In order to control an engine, the usual logics used for this purpose must know, in real time, the air bleed levels (aircraft and engine on the compressor and the HP (high pressure) or IP (low pressure) bleed port.
It the aircraft data on the bled air flows are too inaccurate or unreliable (the valid error rate of the aircraft data is too high) with respect to feared events relating to the engine (loss of thrust), the engine control system can be made to include a flow measurement on the engine (via a venturi or a diaphragm or across the exchanger of the air bleed system).
It is furthermore known that, for the purpose of ensuring the same thrust of the engine (same engine speed, same pressure in the chamber) in the case of an air bleed by the aircraft, the engine control loop will increase the fuel injection rate. Protections known as anti-surge or C/P means are generally provided by means of an open loop stop limiting the maximum or minimum injectable fuel flow at a given time of the acceleration or of the deceleration.

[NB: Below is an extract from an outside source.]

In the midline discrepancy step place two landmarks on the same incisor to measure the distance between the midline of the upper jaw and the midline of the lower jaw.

It is always necessary to have an exact and reliable estimation of the air bleed. In fact, in general it is known that:
an under-estimation of the bleed flow can result in a backing-off. The under-estimation of the flow, referred to as WBAS, results in a C/P stop very close to the C/P operating point. As the engine needs to increase the injection of fuel in order to maintain the same engine speed, there is a risk of saturating the metering system very quickly and therefore of having a backing-off of the engine resulting in a loss of thrust which can go as far as shutting down the engine; and
an over-estimation of the bleed flow results in a loss of the surge protection. The over-estimation of the WBAS flow results in a C/P acceleration stop that is higher with respect to the variation of the C/P operating line and of the surge line. This risk of surge related to the loss of surge protection can result in an undesirable loss of thrust (able to go as far as shutting down the engine).

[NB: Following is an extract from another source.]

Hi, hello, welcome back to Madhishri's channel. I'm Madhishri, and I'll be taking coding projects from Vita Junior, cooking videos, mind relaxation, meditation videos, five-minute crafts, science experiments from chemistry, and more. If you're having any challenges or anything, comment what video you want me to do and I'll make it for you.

For reasons of reliability, there is generally available, in a computer which is used for determining the air bleed, two separate channels for acquiring and calculating the bleed air flow. More precisely, it is known that one of said channels uses, for this purpose, a PBAS pressure measurement taken by a pressure sensor provided at the outlet of the precooler. It is known that, if it is desired to fly the aircraft and supply it with air, it must be possible to correct the C/P air bleeds. Thus, it is necessary to have available the PBAS measurement which contributes to the calculation of the density of the air in the calculation of the flow bled from the engine, as explained below.
The aircraft must therefore have two operational calculation channels available.